| DATA IN THIS EXERCISE |
= = = =

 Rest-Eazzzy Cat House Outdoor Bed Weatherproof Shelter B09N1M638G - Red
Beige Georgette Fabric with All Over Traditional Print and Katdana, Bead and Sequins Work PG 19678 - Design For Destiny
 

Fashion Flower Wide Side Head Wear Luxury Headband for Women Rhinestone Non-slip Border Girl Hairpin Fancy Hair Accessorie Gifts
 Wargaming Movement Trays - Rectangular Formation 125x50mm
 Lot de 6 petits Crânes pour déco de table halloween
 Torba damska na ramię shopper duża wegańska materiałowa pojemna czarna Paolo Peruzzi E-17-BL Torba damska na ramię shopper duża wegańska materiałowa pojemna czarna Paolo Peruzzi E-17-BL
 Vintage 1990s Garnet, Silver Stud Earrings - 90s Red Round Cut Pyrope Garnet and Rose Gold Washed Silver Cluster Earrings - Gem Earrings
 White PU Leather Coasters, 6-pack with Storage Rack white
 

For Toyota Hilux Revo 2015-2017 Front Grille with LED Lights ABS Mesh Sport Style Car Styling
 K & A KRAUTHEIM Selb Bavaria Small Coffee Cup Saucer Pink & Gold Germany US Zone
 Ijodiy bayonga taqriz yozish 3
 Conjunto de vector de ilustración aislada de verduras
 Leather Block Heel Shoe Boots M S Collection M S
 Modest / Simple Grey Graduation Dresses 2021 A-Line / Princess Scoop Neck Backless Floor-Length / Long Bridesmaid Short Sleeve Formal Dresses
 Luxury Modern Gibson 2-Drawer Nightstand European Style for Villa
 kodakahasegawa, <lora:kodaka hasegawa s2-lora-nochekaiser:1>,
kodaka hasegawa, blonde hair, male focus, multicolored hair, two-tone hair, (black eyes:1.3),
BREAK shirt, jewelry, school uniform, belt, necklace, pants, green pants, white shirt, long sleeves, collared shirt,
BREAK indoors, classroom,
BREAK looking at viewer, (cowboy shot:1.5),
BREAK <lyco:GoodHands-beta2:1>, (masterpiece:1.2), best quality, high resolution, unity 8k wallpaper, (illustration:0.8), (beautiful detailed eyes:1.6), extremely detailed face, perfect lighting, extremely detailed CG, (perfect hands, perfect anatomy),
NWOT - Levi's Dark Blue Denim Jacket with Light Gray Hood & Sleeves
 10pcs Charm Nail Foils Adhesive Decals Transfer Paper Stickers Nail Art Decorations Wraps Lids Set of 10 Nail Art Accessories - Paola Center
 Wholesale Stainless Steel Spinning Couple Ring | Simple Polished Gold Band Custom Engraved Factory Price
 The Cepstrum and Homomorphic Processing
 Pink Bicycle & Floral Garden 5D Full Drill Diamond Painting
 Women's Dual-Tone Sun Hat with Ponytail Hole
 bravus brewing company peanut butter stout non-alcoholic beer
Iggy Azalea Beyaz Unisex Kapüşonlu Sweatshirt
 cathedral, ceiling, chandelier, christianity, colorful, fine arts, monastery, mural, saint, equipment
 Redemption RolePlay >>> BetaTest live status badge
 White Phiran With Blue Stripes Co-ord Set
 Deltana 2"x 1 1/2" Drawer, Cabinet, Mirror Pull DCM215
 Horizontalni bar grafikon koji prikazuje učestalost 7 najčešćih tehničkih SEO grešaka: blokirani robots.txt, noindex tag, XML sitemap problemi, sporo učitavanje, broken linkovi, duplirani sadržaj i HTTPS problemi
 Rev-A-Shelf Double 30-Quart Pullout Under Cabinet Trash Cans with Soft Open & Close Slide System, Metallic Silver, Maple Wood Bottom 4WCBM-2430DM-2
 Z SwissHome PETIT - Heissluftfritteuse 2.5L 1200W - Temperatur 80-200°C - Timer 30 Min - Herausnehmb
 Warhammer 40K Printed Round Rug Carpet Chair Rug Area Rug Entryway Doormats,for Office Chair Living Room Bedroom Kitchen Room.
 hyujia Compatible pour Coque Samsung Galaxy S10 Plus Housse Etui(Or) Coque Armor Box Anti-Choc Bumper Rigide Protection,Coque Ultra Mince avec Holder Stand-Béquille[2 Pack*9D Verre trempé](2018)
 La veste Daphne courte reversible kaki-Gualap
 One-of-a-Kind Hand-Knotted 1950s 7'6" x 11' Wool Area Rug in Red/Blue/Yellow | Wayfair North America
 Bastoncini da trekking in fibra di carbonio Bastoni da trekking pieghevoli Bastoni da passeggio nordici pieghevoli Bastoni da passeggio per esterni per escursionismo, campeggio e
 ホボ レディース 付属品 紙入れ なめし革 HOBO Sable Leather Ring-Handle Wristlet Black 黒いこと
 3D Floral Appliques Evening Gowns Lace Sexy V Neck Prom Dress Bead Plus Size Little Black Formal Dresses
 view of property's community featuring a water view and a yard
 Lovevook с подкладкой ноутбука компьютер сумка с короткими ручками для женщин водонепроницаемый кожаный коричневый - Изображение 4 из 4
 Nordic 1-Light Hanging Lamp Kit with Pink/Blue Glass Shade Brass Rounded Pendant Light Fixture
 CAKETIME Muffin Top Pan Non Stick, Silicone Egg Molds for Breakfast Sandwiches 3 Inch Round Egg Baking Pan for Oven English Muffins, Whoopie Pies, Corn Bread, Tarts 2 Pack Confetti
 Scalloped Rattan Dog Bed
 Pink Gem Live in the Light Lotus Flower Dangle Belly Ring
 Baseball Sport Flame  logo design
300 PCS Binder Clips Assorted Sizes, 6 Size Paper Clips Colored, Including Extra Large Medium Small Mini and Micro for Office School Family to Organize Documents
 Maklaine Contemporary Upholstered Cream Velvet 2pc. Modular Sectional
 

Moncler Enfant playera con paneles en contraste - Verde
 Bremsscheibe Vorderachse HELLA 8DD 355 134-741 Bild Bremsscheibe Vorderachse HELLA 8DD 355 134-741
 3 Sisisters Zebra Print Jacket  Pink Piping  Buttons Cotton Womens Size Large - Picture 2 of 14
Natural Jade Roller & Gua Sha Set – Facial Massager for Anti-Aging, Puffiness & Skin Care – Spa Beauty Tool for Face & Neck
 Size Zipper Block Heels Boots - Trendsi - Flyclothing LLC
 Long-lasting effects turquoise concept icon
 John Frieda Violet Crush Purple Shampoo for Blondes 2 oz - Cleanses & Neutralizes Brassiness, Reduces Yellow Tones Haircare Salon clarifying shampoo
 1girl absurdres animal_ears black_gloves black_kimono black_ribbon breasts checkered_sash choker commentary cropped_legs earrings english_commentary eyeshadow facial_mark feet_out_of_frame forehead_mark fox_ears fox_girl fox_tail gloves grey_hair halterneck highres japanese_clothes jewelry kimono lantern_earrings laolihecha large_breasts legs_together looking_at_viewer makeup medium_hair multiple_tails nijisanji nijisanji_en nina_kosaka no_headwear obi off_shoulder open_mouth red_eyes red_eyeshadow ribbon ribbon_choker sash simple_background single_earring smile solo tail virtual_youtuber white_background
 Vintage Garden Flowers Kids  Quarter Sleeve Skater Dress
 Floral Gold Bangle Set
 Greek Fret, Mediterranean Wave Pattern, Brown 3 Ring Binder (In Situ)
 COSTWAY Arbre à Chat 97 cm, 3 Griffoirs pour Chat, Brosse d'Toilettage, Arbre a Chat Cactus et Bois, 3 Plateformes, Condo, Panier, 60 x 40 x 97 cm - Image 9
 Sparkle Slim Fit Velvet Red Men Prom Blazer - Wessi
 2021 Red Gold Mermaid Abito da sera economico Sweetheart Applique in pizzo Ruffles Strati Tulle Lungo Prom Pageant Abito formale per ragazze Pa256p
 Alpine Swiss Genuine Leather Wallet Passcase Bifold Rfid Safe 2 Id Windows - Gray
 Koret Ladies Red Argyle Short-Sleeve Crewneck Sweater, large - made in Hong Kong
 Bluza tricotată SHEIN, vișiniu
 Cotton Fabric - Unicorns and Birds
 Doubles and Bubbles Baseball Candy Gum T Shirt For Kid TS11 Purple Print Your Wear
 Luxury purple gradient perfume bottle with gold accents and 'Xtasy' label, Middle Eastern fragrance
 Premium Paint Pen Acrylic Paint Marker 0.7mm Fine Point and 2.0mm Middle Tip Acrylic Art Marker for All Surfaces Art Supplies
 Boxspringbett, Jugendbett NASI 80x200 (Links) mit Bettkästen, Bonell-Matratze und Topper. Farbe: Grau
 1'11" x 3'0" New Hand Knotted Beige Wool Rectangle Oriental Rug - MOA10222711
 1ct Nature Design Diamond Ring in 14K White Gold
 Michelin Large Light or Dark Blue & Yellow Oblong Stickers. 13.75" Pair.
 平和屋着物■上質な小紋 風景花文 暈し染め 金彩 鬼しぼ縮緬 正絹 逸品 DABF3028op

= = = =

| TASK PROMPT |
Each line from the material above that mentions the word "Small" needs to be copied.

| RESPONSE TO THIS TASK |
 K & A KRAUTHEIM Selb Bavaria Small Coffee Cup Saucer Pink & Gold Germany US Zone
300 PCS Binder Clips Assorted Sizes, 6 Size Paper Clips Colored, Including Extra Large Medium Small Mini and Micro for Office School Family to Organize Documents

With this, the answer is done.